Certificate-based Kubernetes integration (DEPRECATED)
WARNING: In GitLab 14.5, the certificate-based method to connect Kubernetes clusters to GitLab was deprecated, as well as its related features.
The certificate-based Kubernetes integration with GitLab is deprecated. It had the following issues:
- There were security issues as it required direct access to the Kube API by GitLab.
- The configuration options weren't flexible.
- The integration was flaky.
- Users were constantly reporting issues with features based on this model.
For this reason, we started to build features based on a new model, the GitLab Agent. Maintaining both methods in parallel caused a lot of confusion and significantly increased the complexity to use, develop, maintain, and document them. For this reason, we decided to deprecate them to focus on the new model.

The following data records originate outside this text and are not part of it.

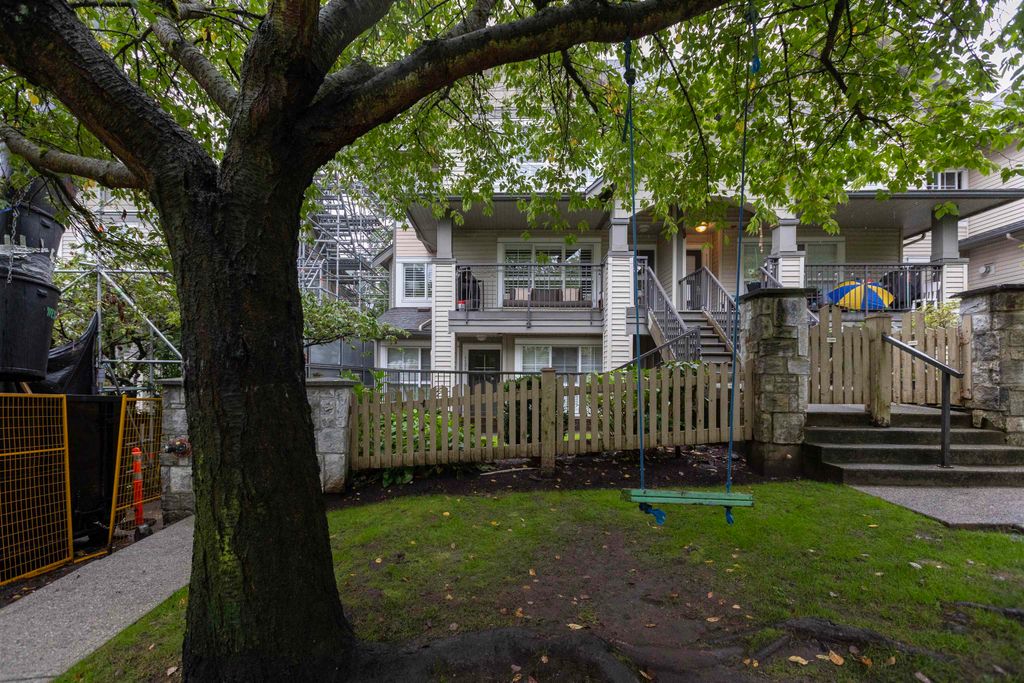 listing image 1103352417959880215
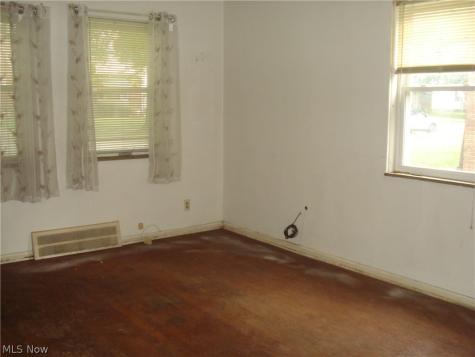21050 Crystal Avenue Euclid OH 44123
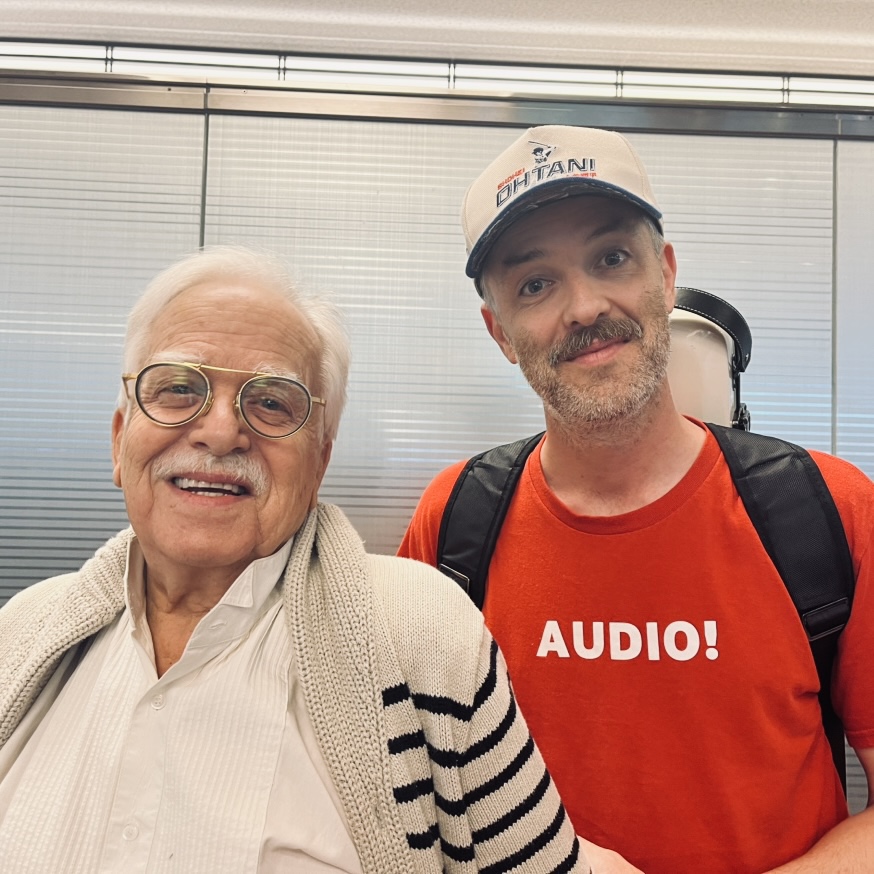 【フェアウェルツアー開催】巨匠・Van Dyke Parksが無事日本に到着🌸最後の来日公演はいよいよ来週からスタート🎹OHTANIキャップで気合十分の息子さん、Richard Parksも一緒にオンステージしますよ🎶公演では名曲たちの誕生秘話も聞けちゃうとか…！
▼3/26(水)&amp;27(木)公演詳細はこちら(Inara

Certificate-based features will continue to receive security and critical fixes, and features built on top of it will continue to work with the supported Kubernetes versions. The removal of these features from GitLab is not scheduled yet. Follow this epic for updates.
You can find technical information about why we moved away from cluster certificates into the GitLab Agent model on the Agent's blueprint documentation.
Deprecated features
- Create a new cluster through cluster certificates
- Connect an existing cluster through cluster certificates
- Access controls
- GitLab-managed clusters
- GitLab Managed Apps
- Deploy applications through certificate-based connection
- Cluster Management Project
- Cluster integrations
- Cluster cost management
- Cluster environments
- Advanced traffic control with Canary Ingress
- Serverless
- Deploy Boards
- Pod logs
- Clusters health
- Crossplane integration
- Web terminals
Cluster levels
The concept of project-level, group-level, and instance-level clusters becomes extinct in the new model, although the functionality remains to some extent.
The Agent is always configured in a single GitLab project, but you can use the CI/CD Tunnel to authorize other projects and groups to use the same Agent. By doing so, you are granting these projects and groups access to the same cluster, which is similar to group-level clusters' use case.